The task: Return the data below unchanged. Drop any pictures.

Given information:
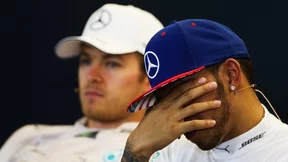 Formule 1 : «Je sais pourquoi Lewis Hamilton fait la gueule»
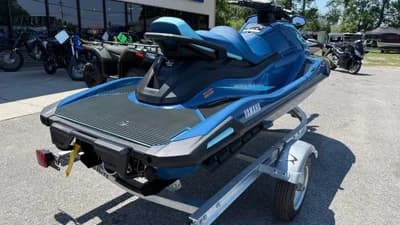 2026 Yamaha WaveRunner VX Cruiser 2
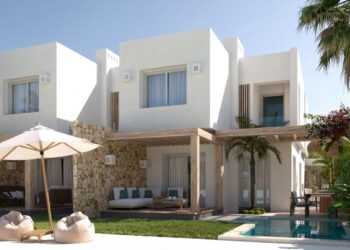 «ونس» مجتمع متكامل للحياة طوال العام في قلب الساحل الشمالي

Answer space:
 Formule 1 : «Je sais pourquoi Lewis Hamilton fait la gueule»
 2026 Yamaha WaveRunner VX Cruiser 2
 «ونس» مجتمع متكامل للحياة طوال العام في قلب الساحل الشمالي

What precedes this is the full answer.